Für Godard ist die Geschichte insgesamt (als Historiografie) und sind Geschichten im Besonderen (als narrative Fiktionen) nichts anderes als kontextualisierte Zitate. Weder Geschichte noch Geschichten haben einen Autor, ihre Authentizität besteht darin, dass sie als Fiktionen Realitätsstatus gewinnen. Alles je Geschriebene ist Geschichte, kompiliert aus Geschichten, die ihrerseits aus Fremdzitaten generiert werden. „Wenn Sie so wollen“, sagt Godard in einem Gespräch mit Youssef Ishaghpour, „ist Geschichte für mich das Werk aller Werke … Sagen wir, die Geschichte ist die Gesamtheit von allem. Das Kunstwerk, wenn es gut gemacht ist, entspringt der Geschichte, und wenn es will, so ist es ihr künstlerisches Bild.“
Ein solches künstlerisches Bild, ein „lebendiges“, ist der Film, der den Geschichtsverlauf – „die Zeit der Geschichte“ – vor Augen führt und ihr somit ihre „Existenz“ verleiht, derweil er die „Essenz“ dazu aus der Gesamtheit der Texte bezieht, aus dem Buch der Bücher. „Und im Buch, das sich wie eine Kopie ausnimmt, wie eine verkleinerte Kopie, ist tatsächlich das Gedächtnis der Geschichte enthalten, eben weil sie entsprechend der Tradition des Buchs geschrieben und gedruckt worden ist.“ Aus diesem Buch, das heißt: aus allen gerade erreichbaren Büchern (von Balzac, Dostojewskij, Sartre, Blanchot, Foucault …) bezieht Godard in seinen jüngsten Filmwerken – zuletzt in Film Socialisme – den Großteil seiner Dialoge und Off-Kommentare, die er im Übrigen umstandslos mit spontaner Alltagsrede amalgamiert, und aus dem Fundus des imaginären Museums wie auch der klassischen Musik holt er sich die audiovisuellen Versatzstücke, aus denen dann die Bildsequenzen und Tonspuren zusammengeschnitten werden – so zusammengeschnitten, dass die Arbeit des Monteurs und die Eigendynamik der Montage kaum noch auseinander zu halten sind: Fremdzitate und Selbstaussagen werden gleichwertig zu diskontinuierlichen Bild-Text-Sequenzen verknüpft.

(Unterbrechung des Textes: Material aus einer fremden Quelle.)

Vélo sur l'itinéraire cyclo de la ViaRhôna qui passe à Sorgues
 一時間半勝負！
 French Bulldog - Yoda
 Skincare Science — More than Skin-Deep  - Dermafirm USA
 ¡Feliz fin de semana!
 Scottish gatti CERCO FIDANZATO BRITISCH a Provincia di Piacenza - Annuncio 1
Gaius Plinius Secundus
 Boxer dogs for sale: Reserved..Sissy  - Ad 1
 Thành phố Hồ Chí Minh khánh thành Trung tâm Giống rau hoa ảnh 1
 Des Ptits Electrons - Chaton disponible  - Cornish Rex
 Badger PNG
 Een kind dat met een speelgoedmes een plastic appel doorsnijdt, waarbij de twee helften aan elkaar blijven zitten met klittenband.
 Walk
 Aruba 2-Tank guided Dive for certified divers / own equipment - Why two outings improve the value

Bei Jean-Luc Godard wird diese Art von Hybridisierung besonders augenfällig, da in seinen Filmproduktionen die Fiktionalisierung von dokumentarischem Material einhergeht mit der dokumentarischen Aufarbeitung fiktionaler Entwürfe, und beides führt auf Seiten des Publikums (das dem Großmeister bekanntlich weitgehend abhanden gekommen ist) in die tiefsten Tabubereiche. Denn noch immer mag man in Sachen Kunst (wie übrigens auch im Unterhaltungssektor) auf zweierlei Dinge nicht verzichten: auf namhafte Autorschaft und auf nachvollziehbare Repräsentation. Anonymität wirkt hier ebenso irritierend wie der Verzicht auf Darstellung und der Entzug von Bedeutung.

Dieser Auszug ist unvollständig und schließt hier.